▶ **WHAT IS EXPECTED**: Only those lines from the one with "Blick auf die Weltenburger Abtei bei Kelheim" through the last line of the material belong in the answer, each repeated exactly.

▶ **DATASET RECORDS**:

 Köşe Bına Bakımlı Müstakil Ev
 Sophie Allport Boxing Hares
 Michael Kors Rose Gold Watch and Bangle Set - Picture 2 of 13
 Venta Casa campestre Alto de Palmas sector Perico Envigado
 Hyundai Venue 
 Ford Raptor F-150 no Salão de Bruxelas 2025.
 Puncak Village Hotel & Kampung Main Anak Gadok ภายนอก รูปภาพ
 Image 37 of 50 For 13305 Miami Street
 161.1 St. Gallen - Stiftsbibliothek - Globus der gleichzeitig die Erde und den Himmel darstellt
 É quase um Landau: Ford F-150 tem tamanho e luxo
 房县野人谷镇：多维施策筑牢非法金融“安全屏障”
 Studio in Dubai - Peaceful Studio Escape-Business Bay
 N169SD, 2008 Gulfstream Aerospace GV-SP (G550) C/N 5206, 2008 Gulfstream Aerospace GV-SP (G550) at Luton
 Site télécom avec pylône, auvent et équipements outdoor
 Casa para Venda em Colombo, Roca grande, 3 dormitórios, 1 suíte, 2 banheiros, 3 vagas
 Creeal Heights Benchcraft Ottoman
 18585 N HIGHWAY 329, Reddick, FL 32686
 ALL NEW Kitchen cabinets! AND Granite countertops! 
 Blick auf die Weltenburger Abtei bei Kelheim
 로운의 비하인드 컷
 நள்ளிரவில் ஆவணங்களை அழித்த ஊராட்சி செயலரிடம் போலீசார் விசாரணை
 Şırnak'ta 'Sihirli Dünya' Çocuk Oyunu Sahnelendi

▶ **WRITTEN RESPONSE**:
 Blick auf die Weltenburger Abtei bei Kelheim
 로운의 비하인드 컷
 நள்ளிரவில் ஆவணங்களை அழித்த ஊராட்சி செயலரிடம் போலீசார் விசாரணை
 Şırnak'ta 'Sihirli Dünya' Çocuk Oyunu Sahnelendi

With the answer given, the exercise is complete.